Mais Athéna a continué, comme si elle ne m’avait pas entendu :
« Je suis heureuse quand je pense que Dieu existe et qu’il m’écoute ; mais cela ne suffit pas pour continuer à vivre, et rien ne semble avoir de sens. Je feins une gaieté que je ne ressens pas, je dissimule ma tristesse pour ne pas inquiéter ceux qui m’aiment tant et se font tellement de souci pour moi. Mais récemment j’ai envisagé l’hypothèse du suicide. Le soir, avant de me coucher, j’ai de longues conversations avec moi-même, je veux chasser cette idée, ce serait une ingratitude envers tous, une fuite, une manière de répandre tragédie et misère sur la terre.

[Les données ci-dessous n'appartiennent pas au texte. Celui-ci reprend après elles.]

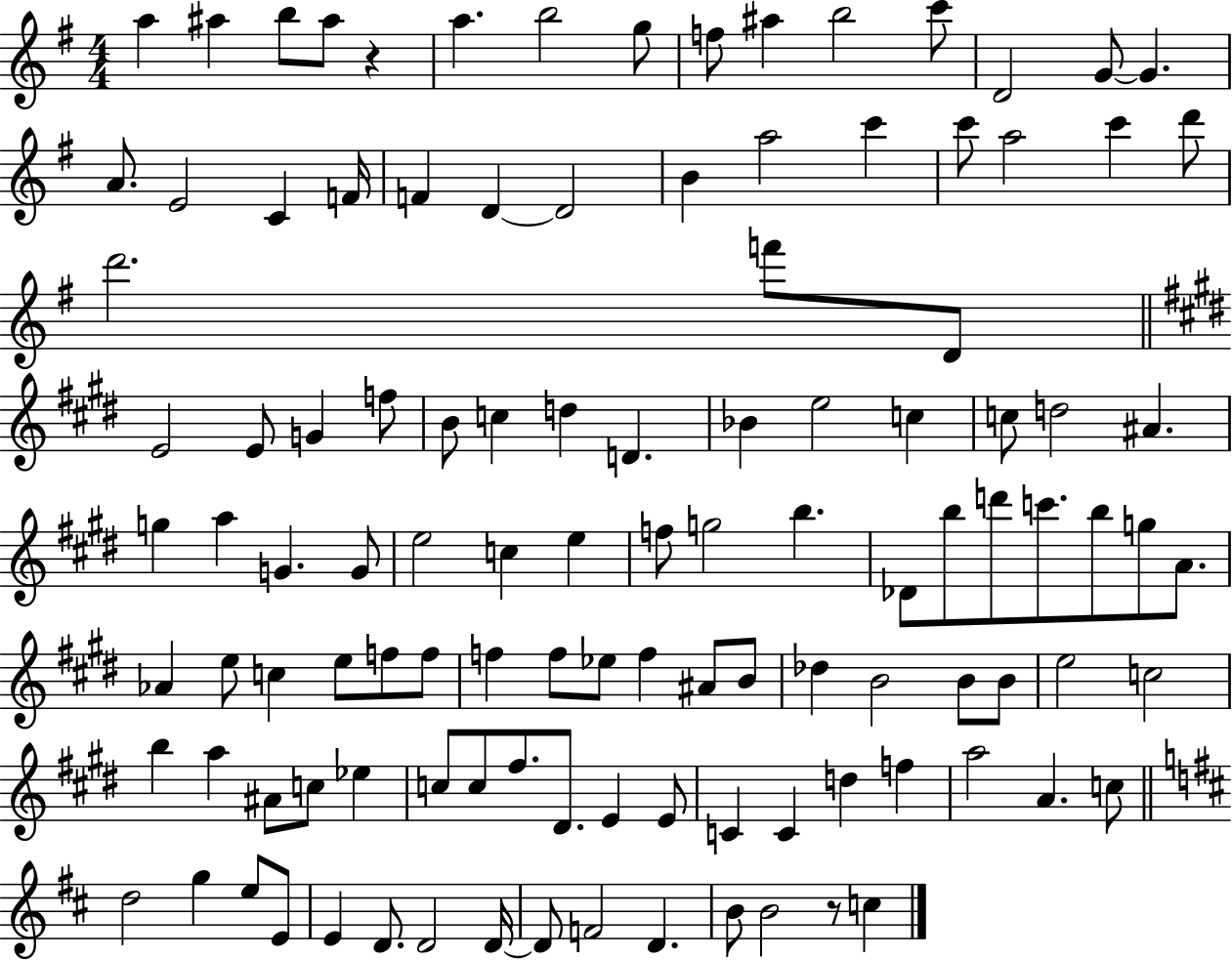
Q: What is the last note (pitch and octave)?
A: C5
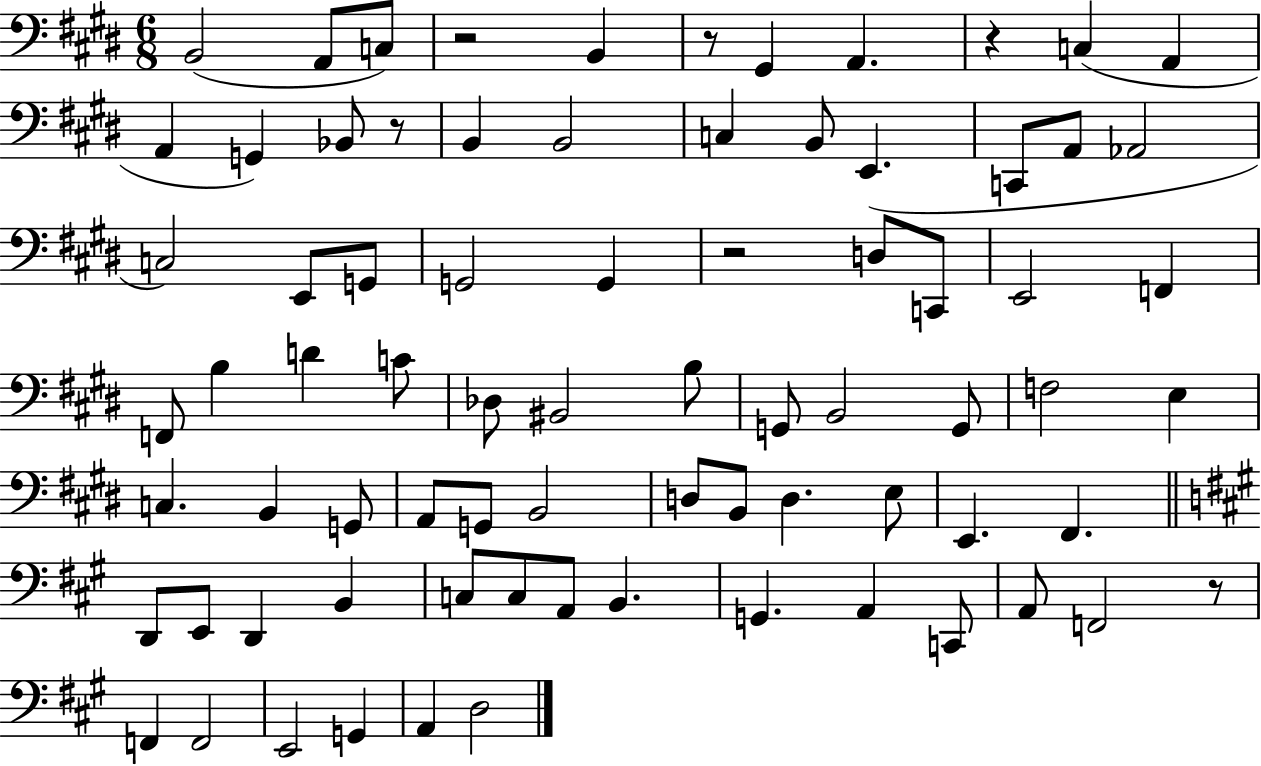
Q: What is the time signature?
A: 6/8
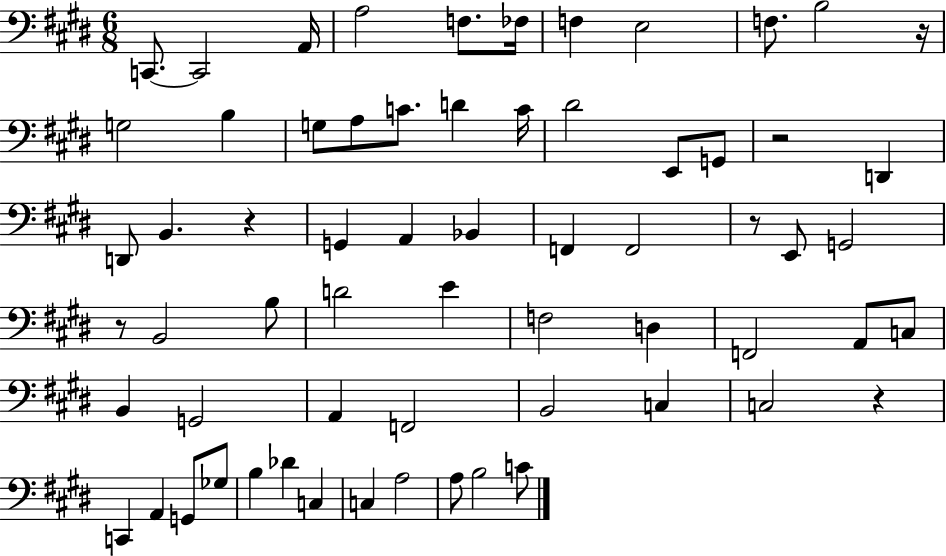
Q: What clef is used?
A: bass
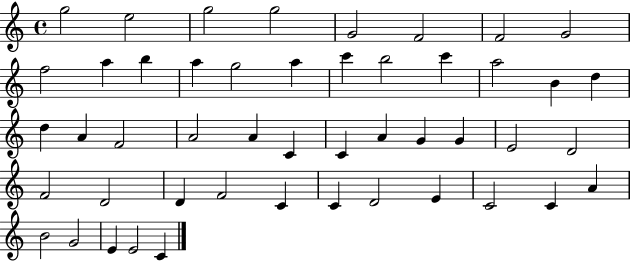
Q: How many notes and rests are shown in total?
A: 48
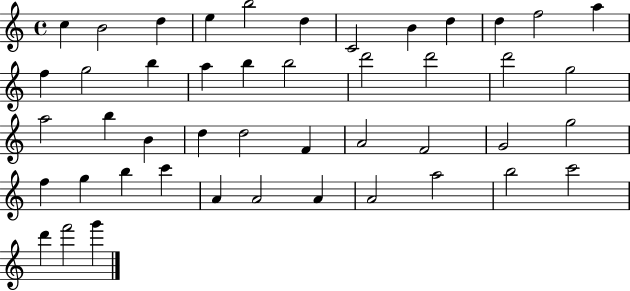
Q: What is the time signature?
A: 4/4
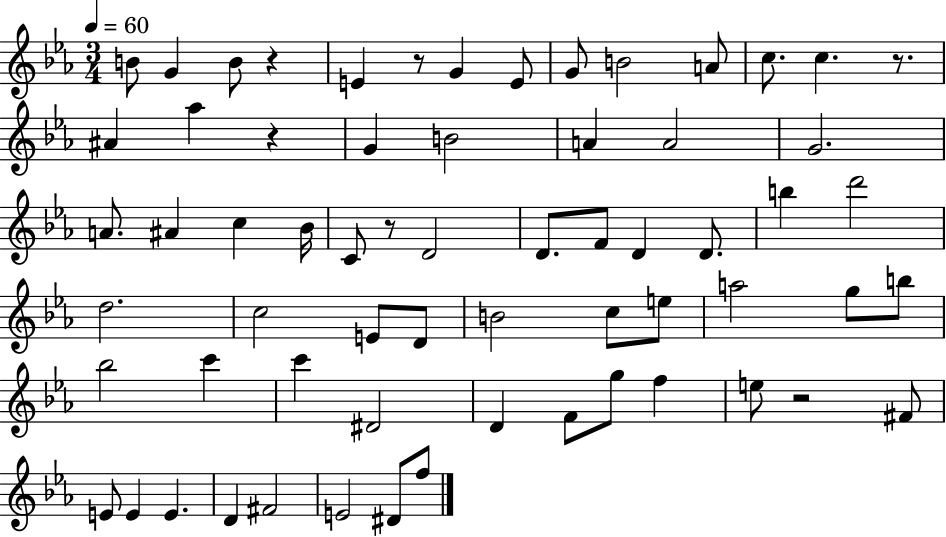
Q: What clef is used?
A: treble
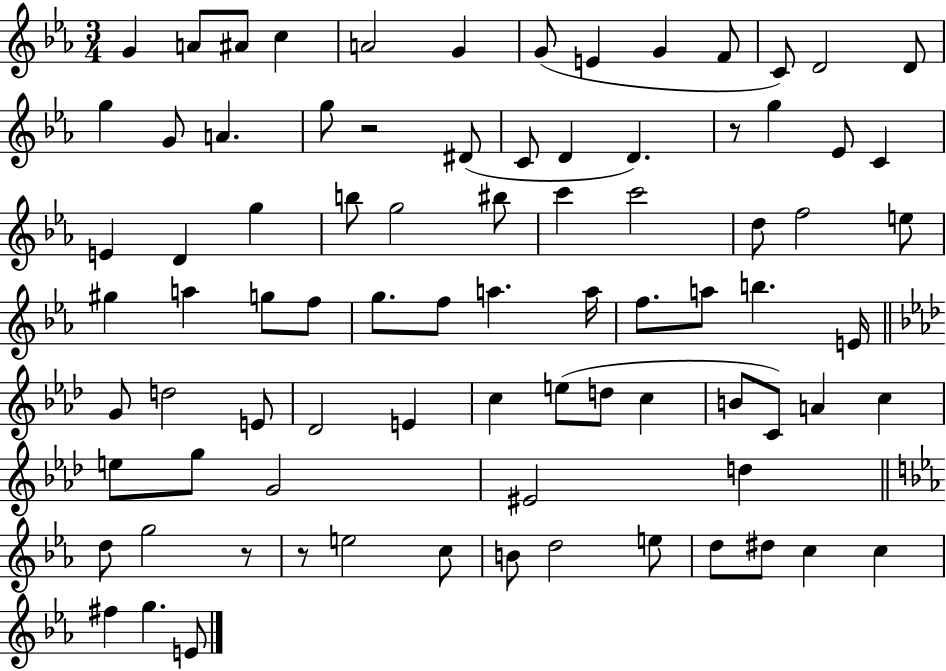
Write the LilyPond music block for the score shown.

{
  \clef treble
  \numericTimeSignature
  \time 3/4
  \key ees \major
  g'4 a'8 ais'8 c''4 | a'2 g'4 | g'8( e'4 g'4 f'8 | c'8) d'2 d'8 | \break g''4 g'8 a'4. | g''8 r2 dis'8( | c'8 d'4 d'4.) | r8 g''4 ees'8 c'4 | \break e'4 d'4 g''4 | b''8 g''2 bis''8 | c'''4 c'''2 | d''8 f''2 e''8 | \break gis''4 a''4 g''8 f''8 | g''8. f''8 a''4. a''16 | f''8. a''8 b''4. e'16 | \bar "||" \break \key f \minor g'8 d''2 e'8 | des'2 e'4 | c''4 e''8( d''8 c''4 | b'8 c'8) a'4 c''4 | \break e''8 g''8 g'2 | eis'2 d''4 | \bar "||" \break \key c \minor d''8 g''2 r8 | r8 e''2 c''8 | b'8 d''2 e''8 | d''8 dis''8 c''4 c''4 | \break fis''4 g''4. e'8 | \bar "|."
}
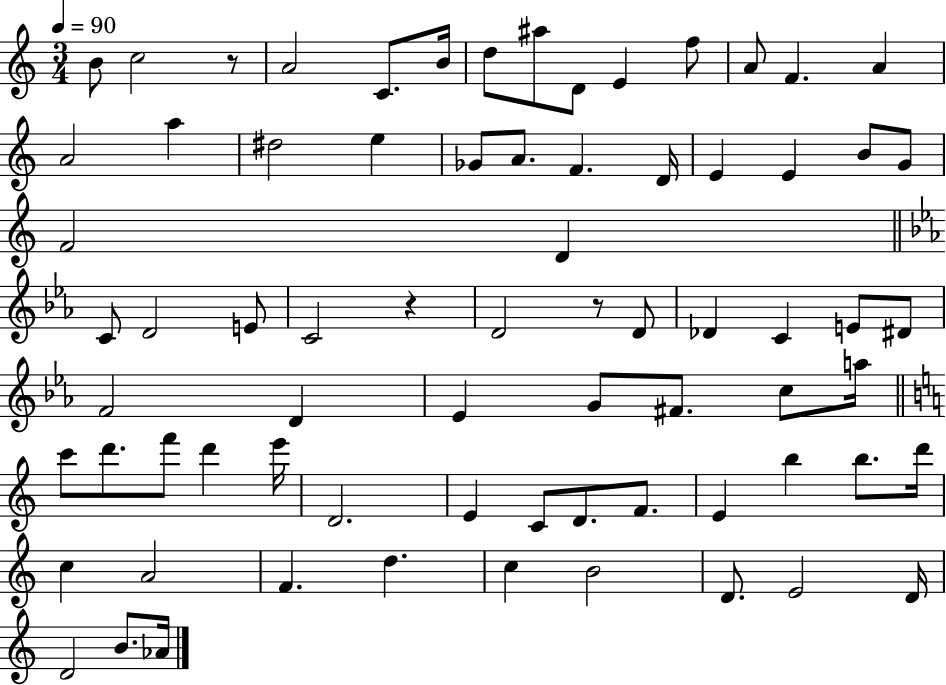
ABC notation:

X:1
T:Untitled
M:3/4
L:1/4
K:C
B/2 c2 z/2 A2 C/2 B/4 d/2 ^a/2 D/2 E f/2 A/2 F A A2 a ^d2 e _G/2 A/2 F D/4 E E B/2 G/2 F2 D C/2 D2 E/2 C2 z D2 z/2 D/2 _D C E/2 ^D/2 F2 D _E G/2 ^F/2 c/2 a/4 c'/2 d'/2 f'/2 d' e'/4 D2 E C/2 D/2 F/2 E b b/2 d'/4 c A2 F d c B2 D/2 E2 D/4 D2 B/2 _A/4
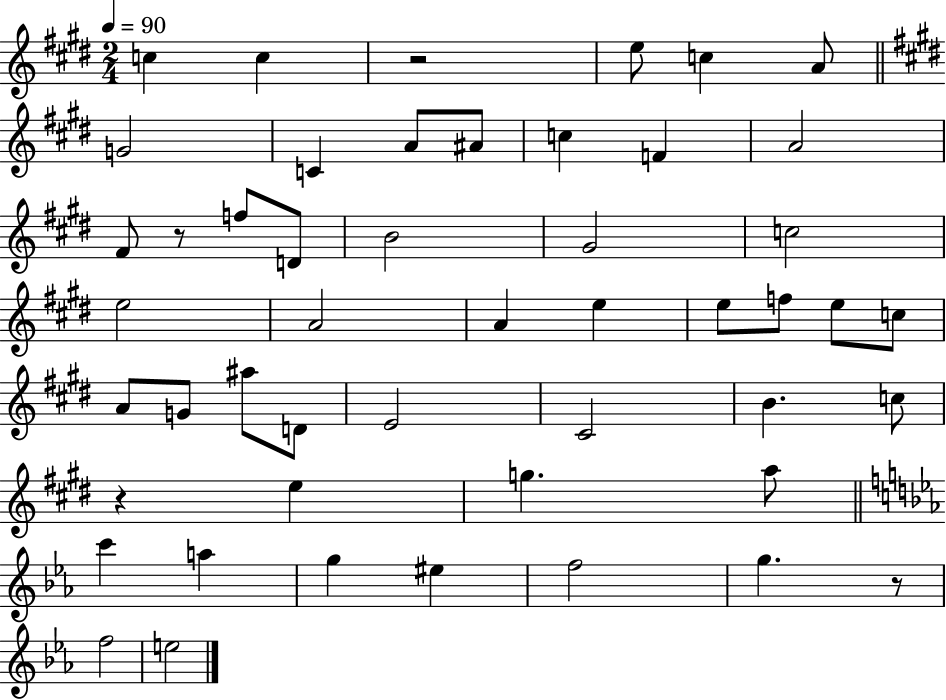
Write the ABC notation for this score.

Le matin, je viens ici converser avec la Sainte Vierge, lui demander de me délivrer des démons auxquels je parle la nuit. Jusqu’à présent, je m’en suis sortie, mais je commence à faiblir. Je sais que j’ai une mission que j’ai refusée très longtemps, et qu’il me faut maintenant accepter.
« Cette mission, c’est la maternité. Je dois l’accomplir, ou je deviendrai folle. Si je ne vois pas la vie se développer en moi, je ne pourrai plus accepter la vie qui est à l’extérieur. »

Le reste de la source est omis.